トップアスリートが引退を決断するとき、そこには多くの葛藤がある。
まだやれる――。自身も周囲もそう感じていたとしても、客観的に見つめる“もう一人”の自分が、決断を促す。シュライカー大阪の稲田瑞穂は、「日本代表に呼ばれない現実」から目を背けなかった。
フットサルが好きだから、優先順位が変わるだけ
「自分のなかで去年の終盤から今シーズンの最初の方で調子もよくて、手応えもありました」
大阪のサイドアタッカーであり、切れ味鋭いドリブル突破を武器にチャンスメイクする稲田は、昨シーズンのFリーグ優勝を争うプレーオフで異彩を放った。王者・名古屋オーシャンズに挑んだプレーオフ決勝の第1戦を3-2で勝利した大阪は、第2戦の終盤まで0-3と、ビハインドを背負っていた。優勝にはあと3点が必要――。そんな場面で口火を切ったのが稲田だった。左サイドを突破してゴールをこじ開けると、その直後には、味方のシュートのこぼれ球に反応して、続け様の得点で1点差に迫ることに成功したのだ。

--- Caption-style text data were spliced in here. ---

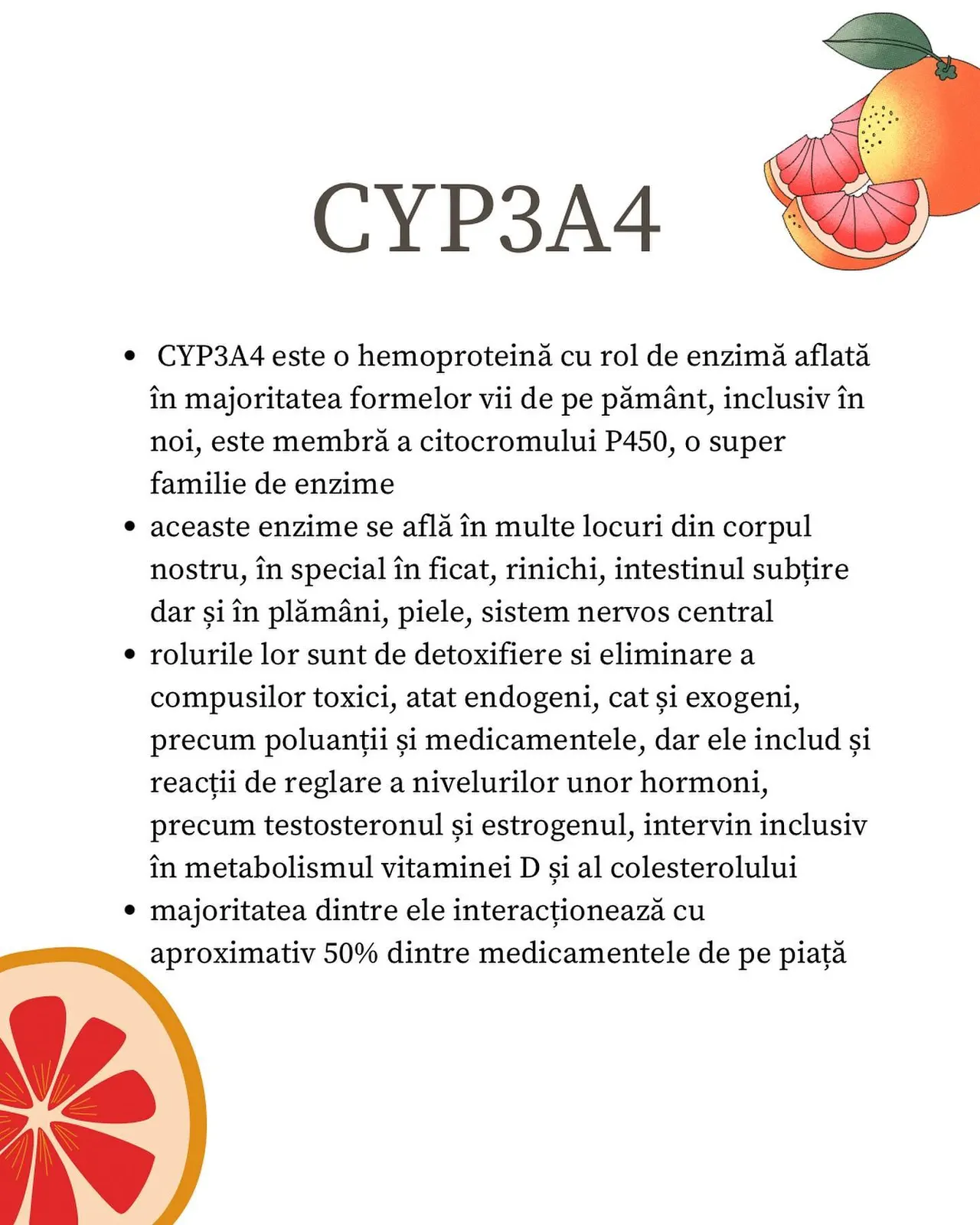 • CYPЗА4 este o hemoproteină cu rol de enzimă aflată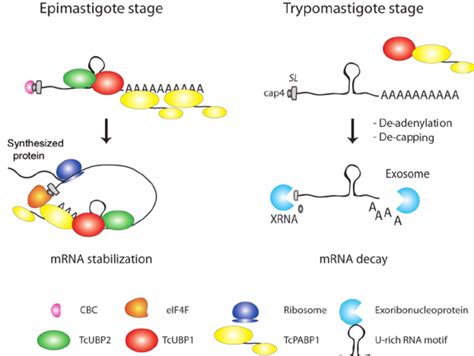 Model Of RNAprotein And Proteinprotein Interactions That Occur In The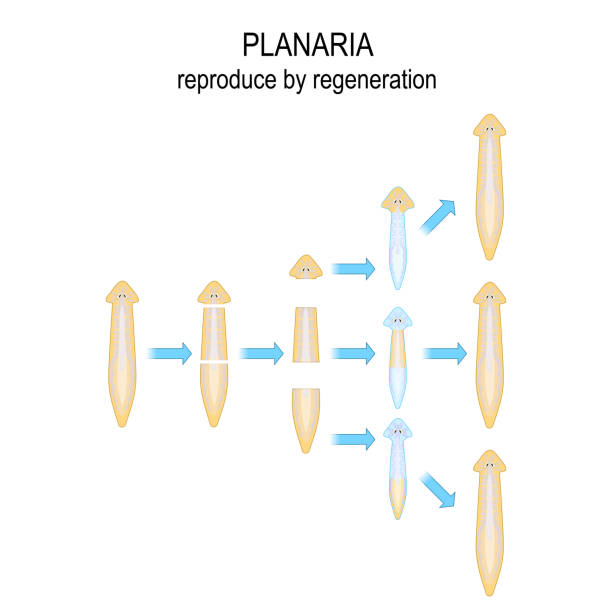 bildbanksillustrationer, clip art samt tecknat material och ikoner med wikipedia. reproducera genom regenerering. när planaria skärs i ett antal bitar, varje del av kroppen växer till en ny organism. - parade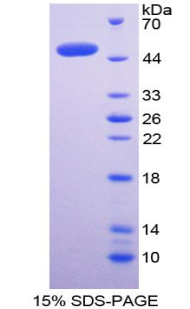 Recombinant Bone Morphogenetic Protein 4 (BMP4)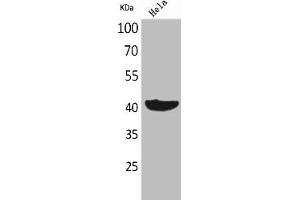 Western Blot analysis of HeLa cells using Cyclophilin D Polyclonal Antibody (PPID antibody  (C-Term))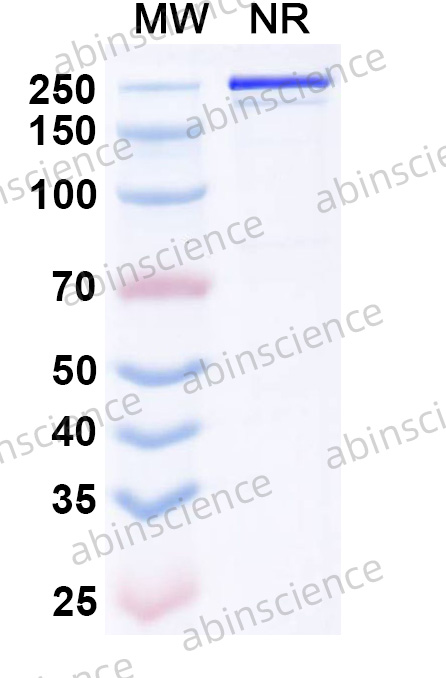 Anti-Human 5'-Nucleotidase/CD73 Reference Antibody (IPH5301, RUO)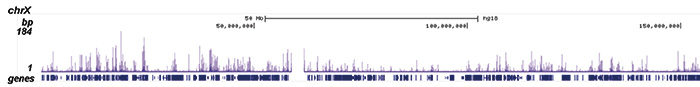 H2BK12ac Antibody ChIP-seq Grade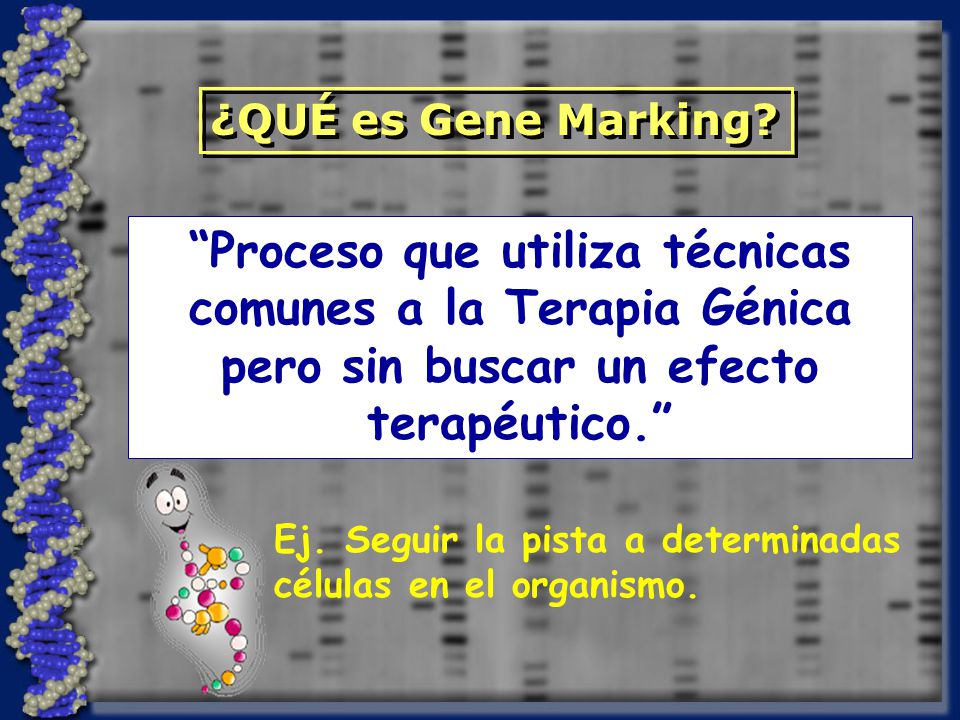 ¿QUÉ es Gene Marking Proceso que utiliza técnicas comunes a la Terapia Génica pero sin buscar un efecto terapéutico.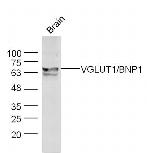 VGLUT1/VGLUT2 Antibody in Western Blot (WB)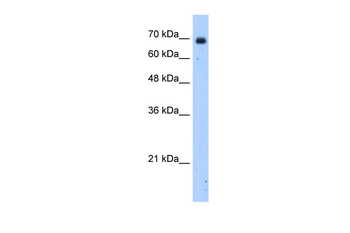 HSZFP36 Rabbit Polyclonal Antibody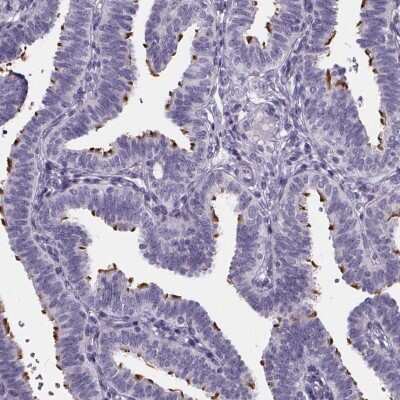 Immunohistochemistry-Paraffin: Sperm Flagellar 2 Antibody [NBP2-38461]
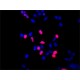 ANTI-HOXC9 (C-TERMINAL) ~1.0 mg/mL, affinity isolated antibody, buffered aqueous solution,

結果は2-3で敗れ、2戦合計スコアで並びながらリーグ戦の順位によって優勝を逃したものの、稲田は大舞台で、記憶と記録に残る爪痕を残した。自他ともに認める活躍もあって、稲田自身「日本代表に呼んでもらえるかもしれない。チャンスがあると思っていた」というが、その後の代表活動に招集されることはなかった。
「自分のなかでは全力を出し切りましたが、実力不足で呼ばれませんでした。9年間、Fリーグでやってきたなかで『日本代表』がかなり多くの部分を占めていました。小さい頃からの夢でしたから。もっと長くプレーできたらよかったのですが、自分自身で区切りをつけようと考えました」
稲田は今年34歳。サッカーよりも“ピークが後ろ”とされるフットサルでは、30代前半で「プレーの衰え」を理由にFリーグを引退する選手が多いわけではない。事実、ベテランの域に入ってきた稲田は、左右の足で巧みにボールを操る“二刀流ドリブル”を武器に、右サイドでも左サイドでも存在感を放っていた。経験値も上がり、味方を助けるサポートの質も円熟味が増し、チームに不可欠な選手の一人であることは間違いなかった。しかし稲田は、日本代表に選ばれない現実を悟ったことで、トップの舞台を去る決断を下した。
12月13日、クラブを通して発表されたリリースには「Fリーグからの引退」と記されていた。あくまでもFリーグで蹴ることをやめるだけ。稲田はそこで「生涯現役」を宣言した。
「優先順位が変わるだけ。フットサルは好きですから。これからは、フットサルとサッカーをやっている子どもの成長を見ていきたいですし、家族に迷惑がかからずに活動できるチームがあれば、蹴り続けたい」
その言葉には、日本代表に選ばれなかった稲田が引退を決めた、もう一つの理由が含まれていた。
「子ども(長男)が1年生で、フットサルとサッカーをしていて、その成長も見ていきたいなと。これまでは土日は遠征でつぶれてしまうことも多かったですし、家族との時間を増やしたい」
平日は練習や仕事があり、土日は試合でつぶれる。Fリーグ2年目の年に誕生した我が子の成長を、この9年間は満足いくまで見てあげることができなかった。そんな葛藤も、稲田が引退を決断した大きな理由。選手、仕事、家族。そうしたものを天秤にかけたときに何を大事にするか。これからは家族との時間を増やしながら、子どもの夢に寄り添っていく。日本代表志向から、家族志向へ。それが稲田の選択だった。
とはいえ、稲田の戦いは続く。リーグ戦は残り4試合。現在3位の大阪がこのままプレーオフに出場すれば、準決勝、決勝を含めて最大8試合でピッチに立つ。その後には、日本一を決める全日本選手権もある。「残り1試合でも多くチームでプレーして、2つの頂点にいきたい」。稲田は最後、どんな生き様を見せるのか。